How to Start Delegating Tasks When You're Running Everything
Start delegating by identifying one task you hate doing and that someone else can handle 80% as well as you—then let go of the perfectionism holding you back.
The moment you realize you're working 60-hour weeks while your business stays flat is the moment delegation stops being optional. Most founders delay this shift because they believe no one will do it "right," that explaining takes longer than doing it themselves, or that they'll lose control. All three beliefs are true for about two weeks. After that, a trained person almost always outpaces the founder who never learned to stop.
Start with Your Lowest-Value Work
You're probably spending 20 hours a week on tasks that could be done by someone making a quarter of your hourly rate. The email management, invoice tracking, scheduling, customer support replies, basic content editing—these are the delegation goldmine.
Do this: Spend a week tracking what you actually do. Write down every task and how long it takes. Then be honest about which ones generate zero leverage. These are your starting point, not your hardest problems. Delegating a task you're mediocre at anyway is far easier than delegating something you've protected because "it's core to the business."
If you're technical and building a digital product, you already know this instinctively. You don't hand off your entire codebase to a junior developer. You hand off the boilerplate, the testing, the documentation.

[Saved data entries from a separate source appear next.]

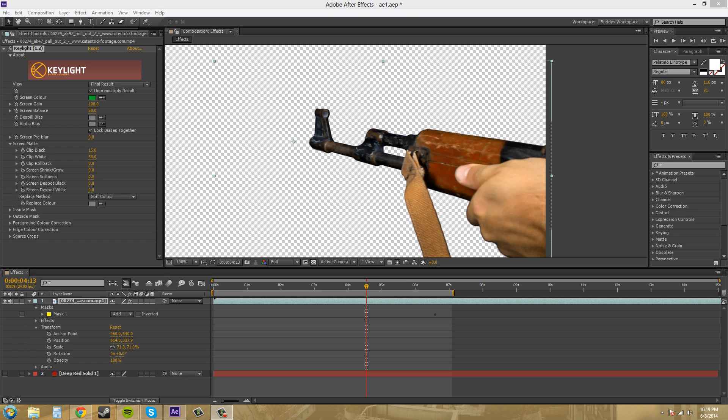Hey everybody, welcome back to another After Effects CS6 tutorial. I'm your host, Buddy Blackford, and it's pretty late at night. I'm pounding monsters and 5-hour energy, like monster energy drinks, trying to pump out a ton of tutorials tonight for you guys. In this tutorial, we're going to use Key Light some more and improve our key so that it's a little bit better and more true to the color. That'll make it easier to composite onto a background later on.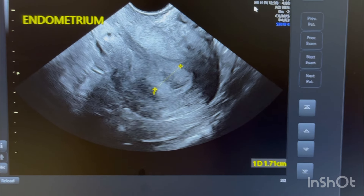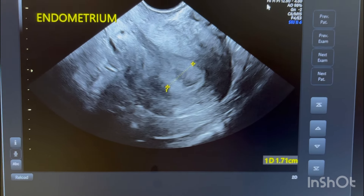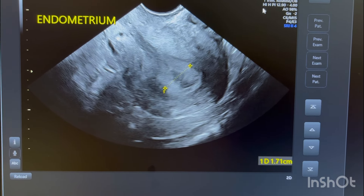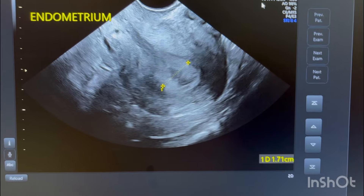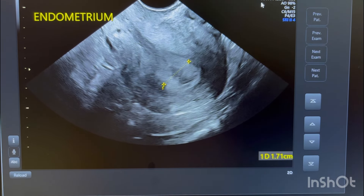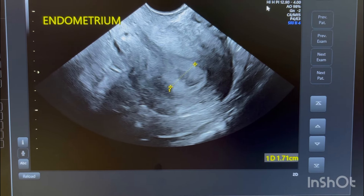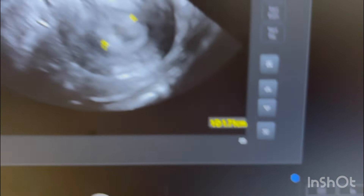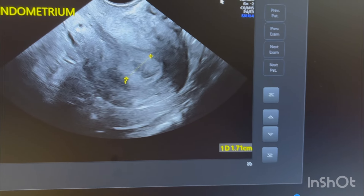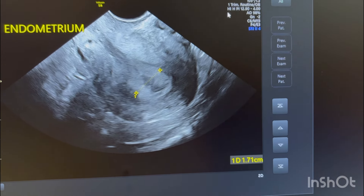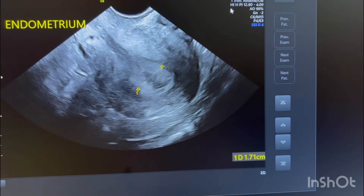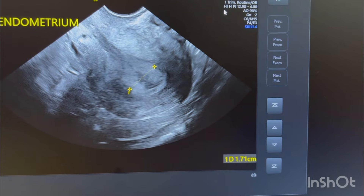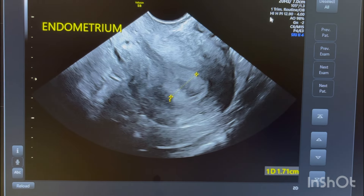Good morning everybody. This video shows a typical case of pelvic inflammatory disease with typical findings. The endometrium appears thickened at 17 mm, but this is not a true thickening — it is due to endometritis and some thick fluid or collection giving a false appearance of increased endometrial thickness.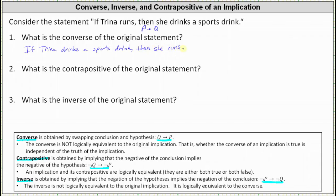Number two: what is the contrapositive of the original statement? If the original statement is if P then Q, then the contrapositive is if not Q then not P, which in our case would be: if Trina does not drink a sports drink, then Trina does not run.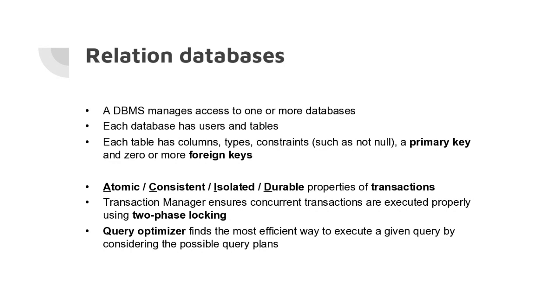Then we talked about transactions. Transactions are very important in large numbers of applications. The prototypical example of a transaction is a bank transfer.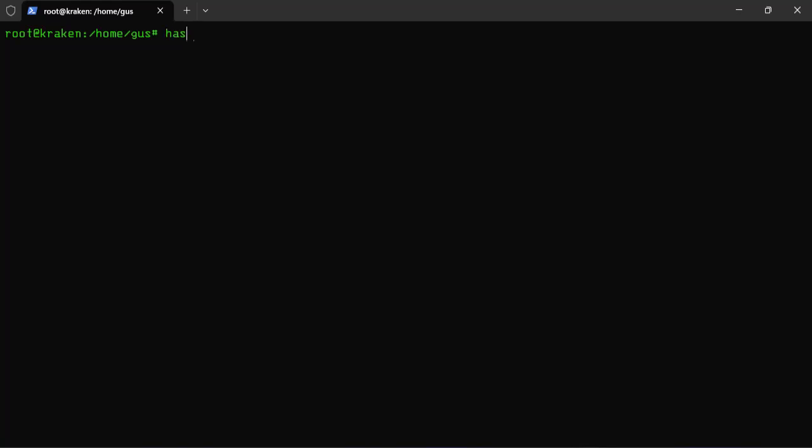First, I'll type Hashcat, then M1800, which signifies the SHA-512 hash type used by Linux. Then tag a zero, which means a dictionary attack. After that, the path to the hash file.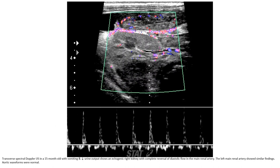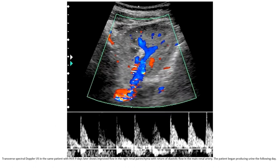This is a Doppler ultrasound of a 15-month-old with vomiting and decreased urine output, showing an echogenic right kidney with completely reversed diastolic flow in the main renal artery. The left main renal artery shows similar findings. A follow-up Doppler ultrasound in the same patient with hemolytic uremic syndrome nine days later shows improved flow in the right renal parenchyma with the return of diastolic flow in the main renal artery. The patient began producing urine the following day.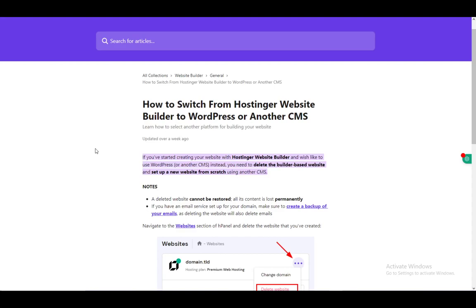Hey everybody, what is going on? I hope you guys are all doing well and welcome to another tutorial video. In this video I'll be going over how you can switch from the Hostinger website builder to WordPress or another CMS.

You keep the architectural decisions. Same principle applies to your whole business.
Hire or Partner for Speed, Not Perfection
The second mistake is waiting for a "real employee" before delegating anything. You don't need that. You need a contractor for 10 hours a week right now. A VA from a service like Belay or Time Etc. A freelancer on Upwork who can handle email management. A design student who can help organize assets.
The goal is to break the mental loop that says "I have to do this." The actual quality difference between a 90% solution by someone else and your 99% solution is invisible to your customers. What they see is whether you respond to them, ship on schedule, and stay sane.
Document as You Go (Not Before)
Don't write a 40-page operations manual before delegating your first task. You'll never finish it, and it'll be outdated by week two anyway. Instead, delegate a task and use a tool like Loom to record a 5-minute video walkthrough as you explain what you need.
Your delegate does it once with your video. They hit snags and ask. You clarify in writing. Next time they do it better. This iterative process creates documentation that's actually useful, not a binder that sits on a shelf.
Expect Resistance (From Yourself)
Your first instinct will be to redo their work. Don't. Let it sit for 48 hours. Most of the time, you'll realize it's fine. Your second instinct will be to micromanage. Instead, set one check-in point per week and otherwise let them move. If they're wrong about something important, course-correct. If it's a style preference, live with it.
You can always upgrade your process later. Right now, you need space to think. Hiring someone to handle your lowest-value tasks—or even building something quickly with a partner like fivedaylaunch and then delegating the maintenance—buys you back 15 hours a week. That 15 hours is usually where the next version of your business lives.
Start this week. Pick one task. Find one person. Record one video. Everything else is negotiable.